I'm attempting to determine an algebraic equation for $\gamma'$ over $[0,1]$ from Equation (1) below; however, I'm having difficulty doing so. This is in relation to a shear-thinning generalised Newtonian fluid problem (or Carreau's Law, not that this is important).
Specifically, given
$$\frac{dp}{dx}R = \frac{d}{dy}\Big(\mu(\gamma')\frac{d}{dy}u(y)\Big) \tag{1}$$
and
$$\mu(\gamma')=\frac{\mu_\infty}{\mu_0}+\Big(1-\frac{\mu_\infty}{\mu_0}\Big)\Big(1+(\lambda \gamma')^2\Big)^\frac{(n-1)}{2} \tag{2}$$
with $\frac{dp}{dx} R = -1$, $n=0.5$, $\mu_\infty/\mu_0=0.01$ and $\lambda=1$. Furthermore, $\mu(\gamma')$ and $u(y)$ are known to be monotone decreasing functions, $\gamma'=|\frac{du}{dy}|$, $\frac{d}{dy}u(y)=0$ at $y=0$ and $u(y)=0$ at $y=1$.

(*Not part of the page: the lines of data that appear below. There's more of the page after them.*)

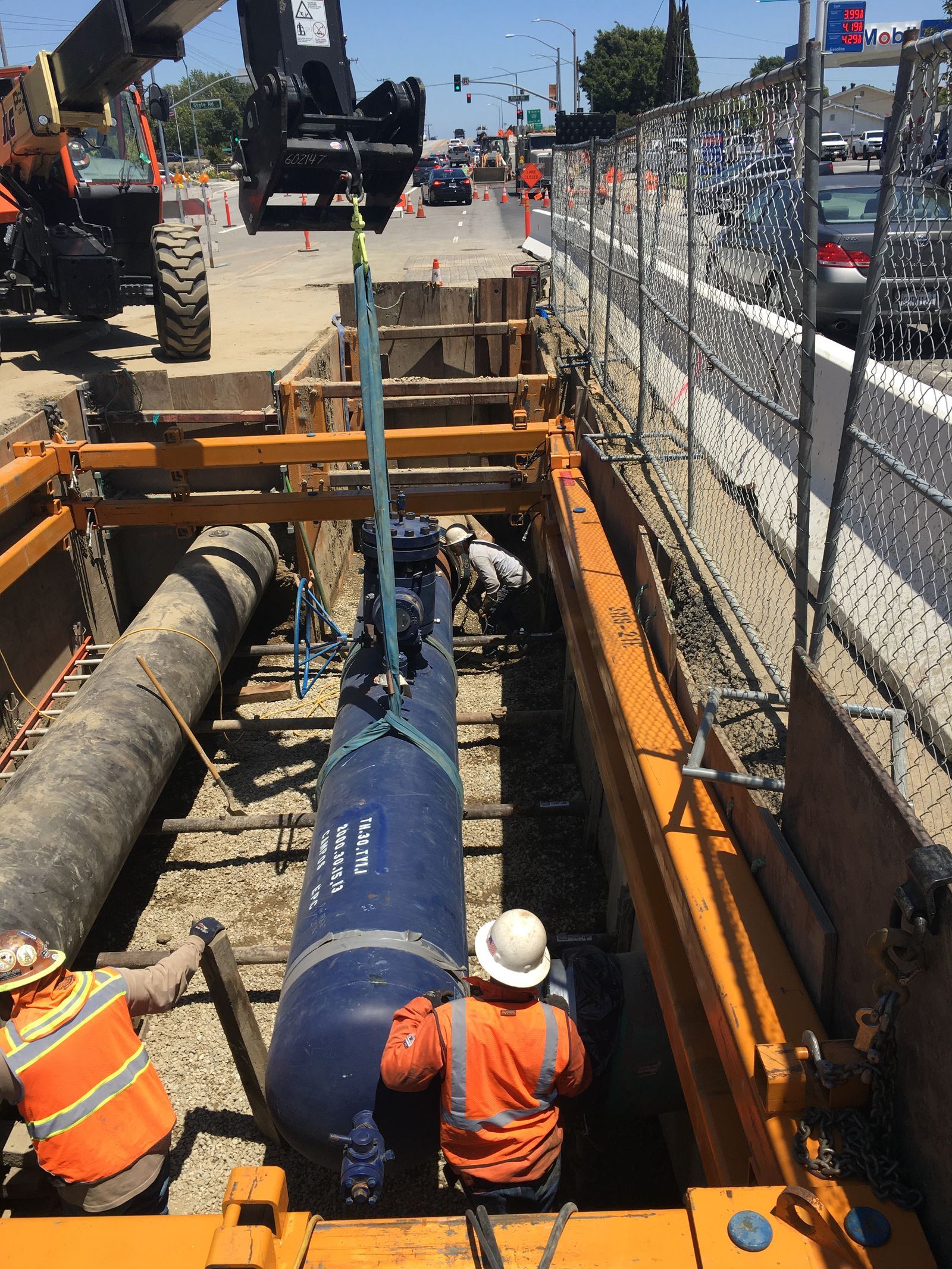 Crew lowering a large-diameter steel pipe into a trench along a city street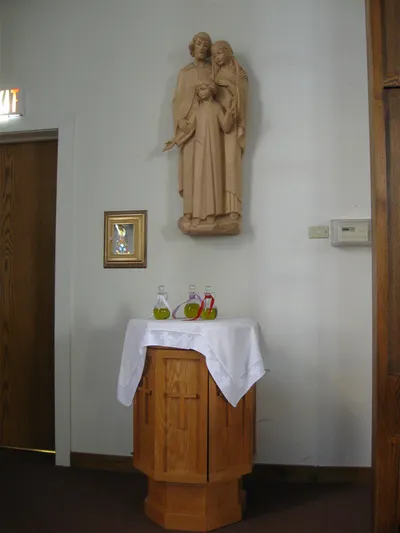 Wall-mounted holy family statue and chrisms.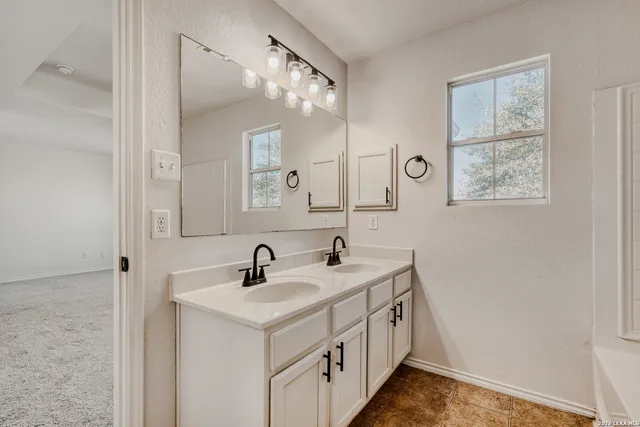 a bathroom with 2 sink and a mirror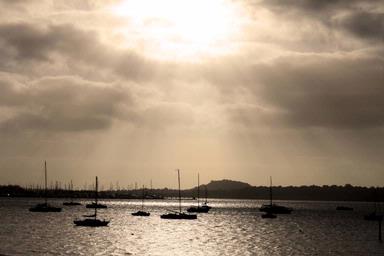 Jade Lim; Let There Be Light; As I was heading to the city from the Auckland Harbour Bridge, I saw the light shining down. A brand new day started with a ray of hope, courage and happiness. This made my day.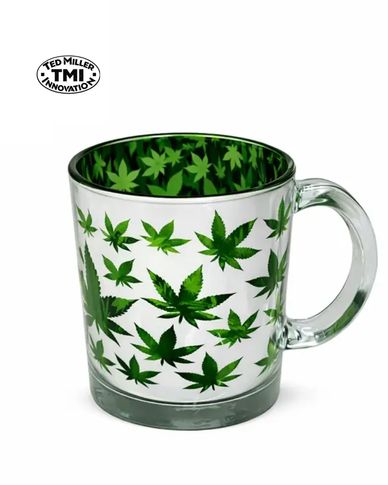 Clear glass mug decorated with green cannabis leaves inside and out.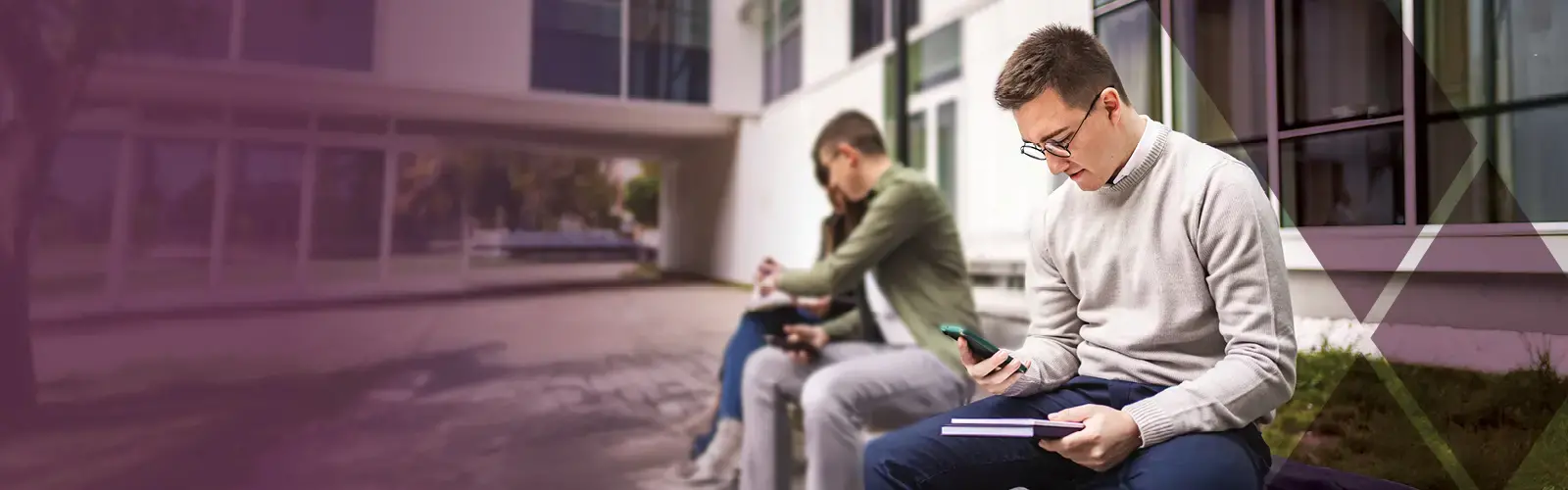College students sitting on a wall outside a building; one is looking at his phone
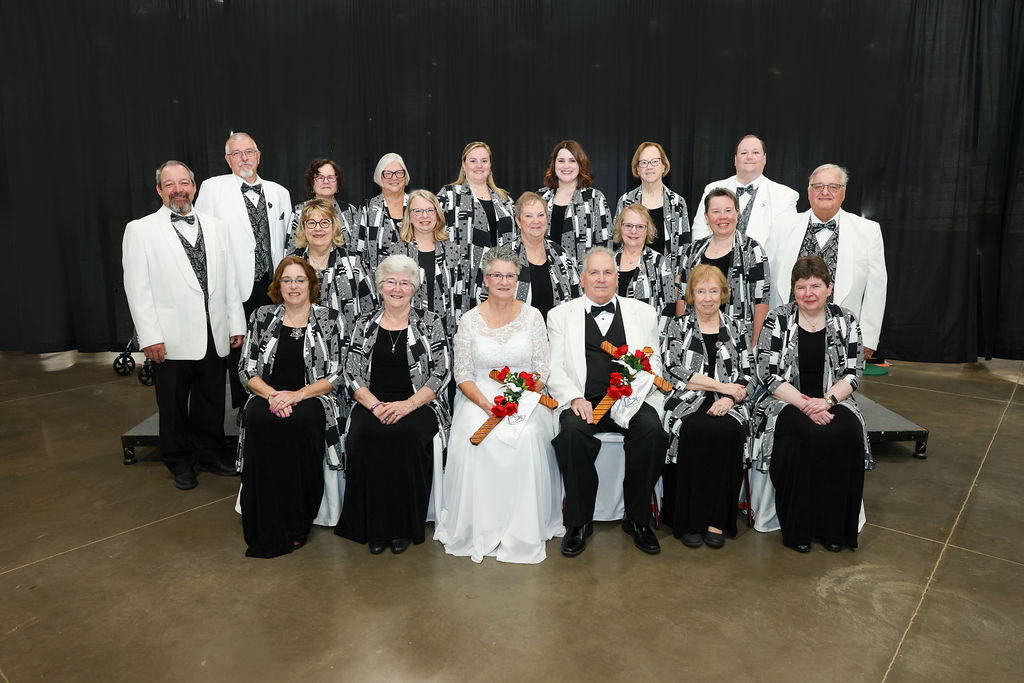 Group of men and women dressed in black and white.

Using all the information (minus the last two points about $y=0$ and $y=1$), I managed to arrive at an equation
$$100y=(1 + 99(1+\gamma'^2)^{-1/4})\gamma' \tag{3}$$
but I can't see how to proceed any further to get $\gamma'$. Any tips would be appreciated.
This non-linear equation (Equation 3) is a correct algebraic equation for $\gamma'$, however it cannot be rearranged for $\gamma'$.
To solve for $\gamma'$ one must use a numerical approach.